What the exercise asks - Reproduce the records without their pictures, keeping every word as it is.

Materials provided -
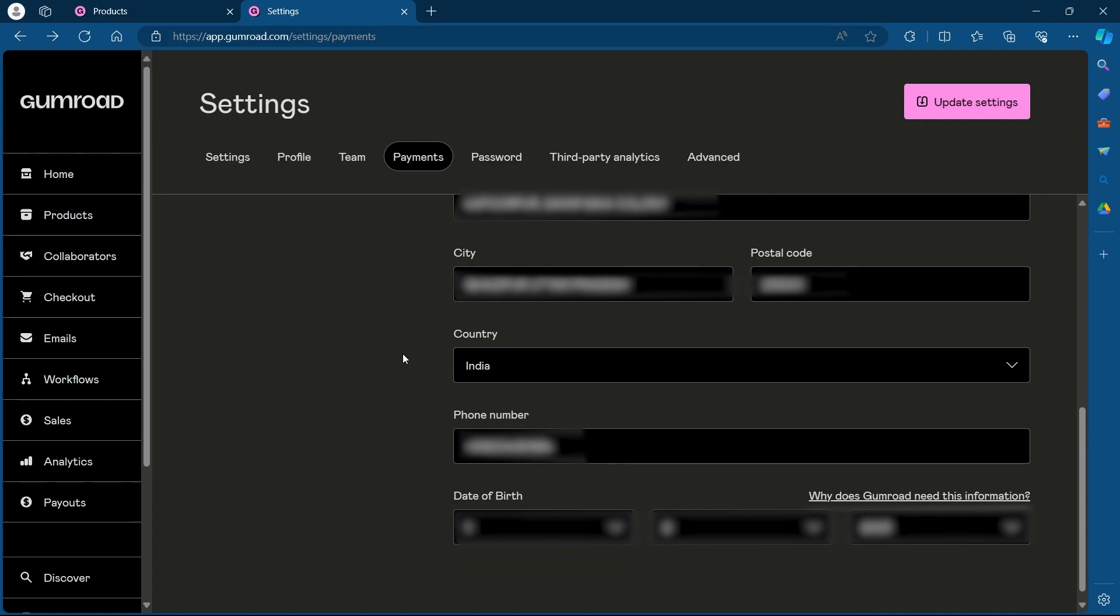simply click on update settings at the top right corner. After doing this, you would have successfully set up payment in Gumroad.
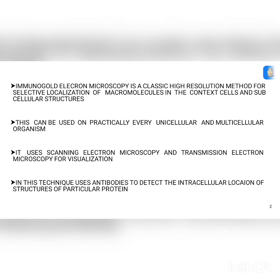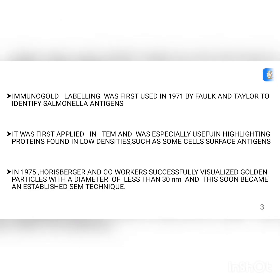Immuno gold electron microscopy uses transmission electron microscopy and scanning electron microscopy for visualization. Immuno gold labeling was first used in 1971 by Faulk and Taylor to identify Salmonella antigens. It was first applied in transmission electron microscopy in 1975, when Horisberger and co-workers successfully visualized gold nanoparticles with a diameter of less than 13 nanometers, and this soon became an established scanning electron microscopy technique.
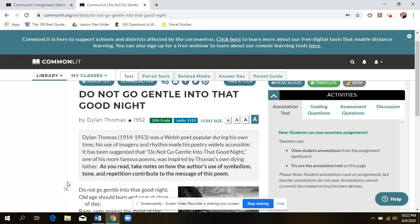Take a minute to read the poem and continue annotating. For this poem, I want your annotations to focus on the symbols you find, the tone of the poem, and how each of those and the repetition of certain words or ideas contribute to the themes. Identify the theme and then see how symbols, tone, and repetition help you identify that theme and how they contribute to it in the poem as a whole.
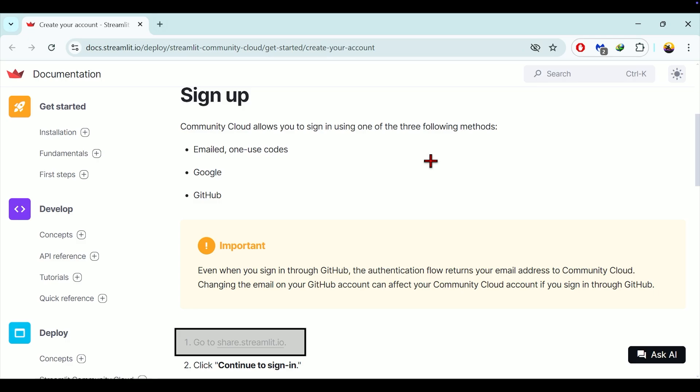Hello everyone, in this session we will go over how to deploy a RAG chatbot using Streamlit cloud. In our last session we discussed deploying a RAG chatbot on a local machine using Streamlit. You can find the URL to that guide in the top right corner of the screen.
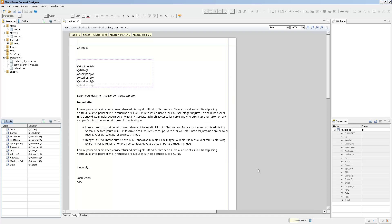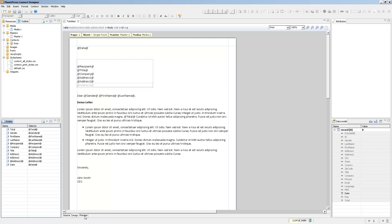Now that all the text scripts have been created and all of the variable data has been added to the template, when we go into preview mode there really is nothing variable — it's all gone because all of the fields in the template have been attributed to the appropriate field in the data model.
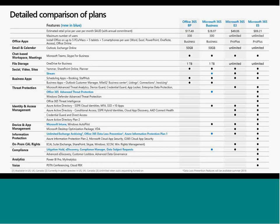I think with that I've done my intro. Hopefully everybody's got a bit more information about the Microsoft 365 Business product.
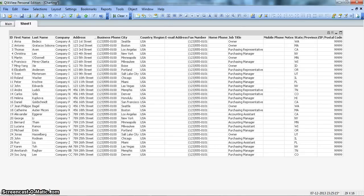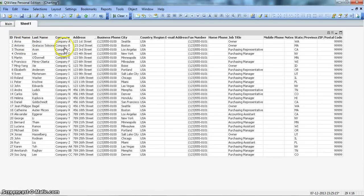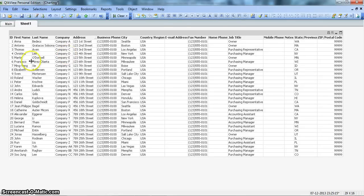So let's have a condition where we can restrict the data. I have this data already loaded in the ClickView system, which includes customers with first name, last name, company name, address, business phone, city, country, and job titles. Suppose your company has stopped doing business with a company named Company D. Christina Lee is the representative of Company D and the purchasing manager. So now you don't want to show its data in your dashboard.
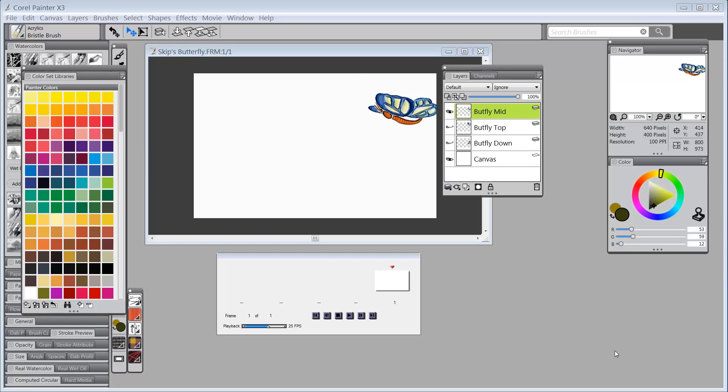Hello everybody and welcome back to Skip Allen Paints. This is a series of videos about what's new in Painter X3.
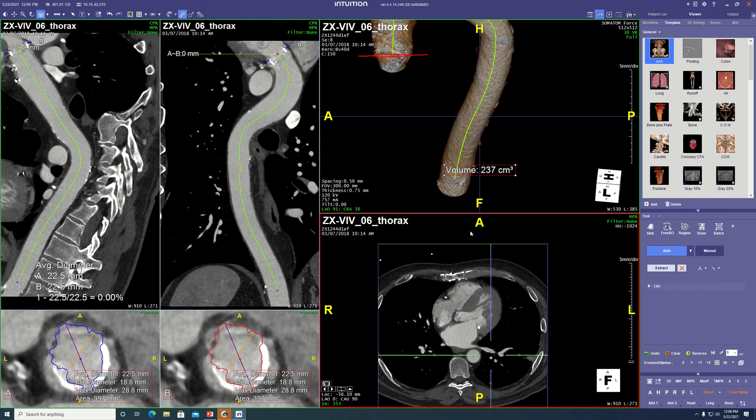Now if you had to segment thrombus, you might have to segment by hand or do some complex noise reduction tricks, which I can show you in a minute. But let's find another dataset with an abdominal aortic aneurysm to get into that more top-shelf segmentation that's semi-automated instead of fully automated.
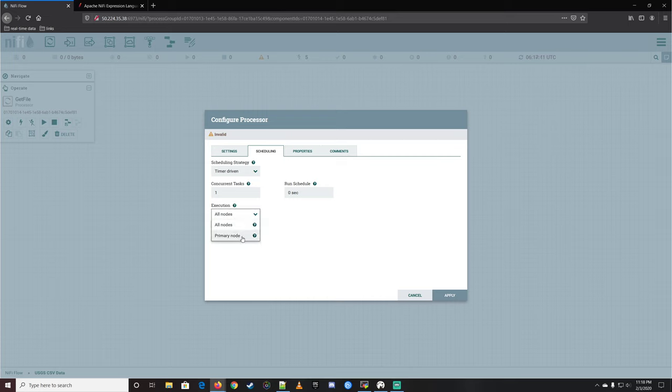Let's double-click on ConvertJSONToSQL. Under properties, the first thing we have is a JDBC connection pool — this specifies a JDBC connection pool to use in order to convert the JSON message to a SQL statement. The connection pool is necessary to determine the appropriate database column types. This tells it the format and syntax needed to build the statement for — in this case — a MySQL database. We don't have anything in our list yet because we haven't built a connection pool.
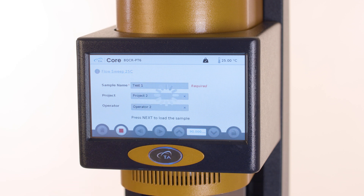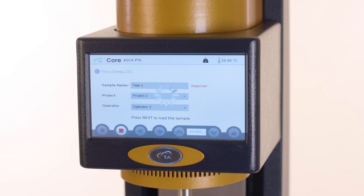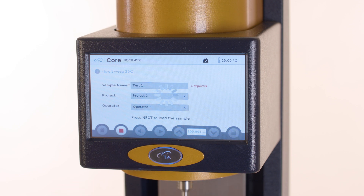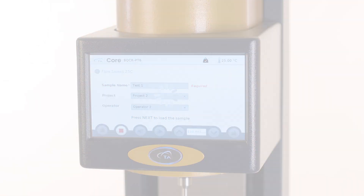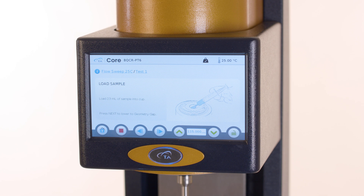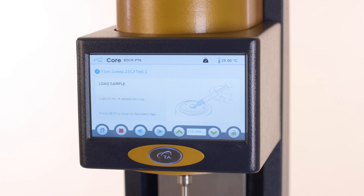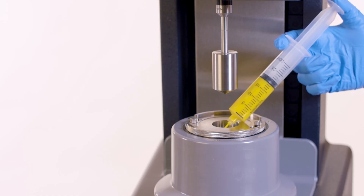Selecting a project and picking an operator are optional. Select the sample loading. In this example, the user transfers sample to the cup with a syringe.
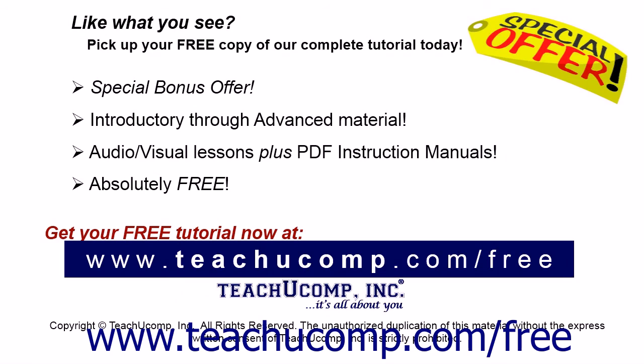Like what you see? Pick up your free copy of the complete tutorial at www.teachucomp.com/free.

Reply -
simply click on update settings at the top right corner. After doing this, you would have successfully set up payment in Gumroad.
Immuno gold electron microscopy uses transmission electron microscopy and scanning electron microscopy for visualization. Immuno gold labeling was first used in 1971 by Faulk and Taylor to identify Salmonella antigens. It was first applied in transmission electron microscopy in 1975, when Horisberger and co-workers successfully visualized gold nanoparticles with a diameter of less than 13 nanometers, and this soon became an established scanning electron microscopy technique.
Take a minute to read the poem and continue annotating. For this poem, I want your annotations to focus on the symbols you find, the tone of the poem, and how each of those and the repetition of certain words or ideas contribute to the themes. Identify the theme and then see how symbols, tone, and repetition help you identify that theme and how they contribute to it in the poem as a whole.
Hello everyone, in this session we will go over how to deploy a RAG chatbot using Streamlit cloud. In our last session we discussed deploying a RAG chatbot on a local machine using Streamlit. You can find the URL to that guide in the top right corner of the screen.
Now that all the text scripts have been created and all of the variable data has been added to the template, when we go into preview mode there really is nothing variable — it's all gone because all of the fields in the template have been attributed to the appropriate field in the data model.
I think with that I've done my intro. Hopefully everybody's got a bit more information about the Microsoft 365 Business product.
So let's have a condition where we can restrict the data. I have this data already loaded in the ClickView system, which includes customers with first name, last name, company name, address, business phone, city, country, and job titles. Suppose your company has stopped doing business with a company named Company D. Christina Lee is the representative of Company D and the purchasing manager. So now you don't want to show its data in your dashboard.
Hello everybody and welcome back to Skip Allen Paints. This is a series of videos about what's new in Painter X3.
Now if you had to segment thrombus, you might have to segment by hand or do some complex noise reduction tricks, which I can show you in a minute. But let's find another dataset with an abdominal aortic aneurysm to get into that more top-shelf segmentation that's semi-automated instead of fully automated.
Let's double-click on ConvertJSONToSQL. Under properties, the first thing we have is a JDBC connection pool — this specifies a JDBC connection pool to use in order to convert the JSON message to a SQL statement. The connection pool is necessary to determine the appropriate database column types. This tells it the format and syntax needed to build the statement for — in this case — a MySQL database. We don't have anything in our list yet because we haven't built a connection pool.
Selecting a project and picking an operator are optional. Select the sample loading. In this example, the user transfers sample to the cup with a syringe.
Like what you see? Pick up your free copy of the complete tutorial at www.teachucomp.com/free.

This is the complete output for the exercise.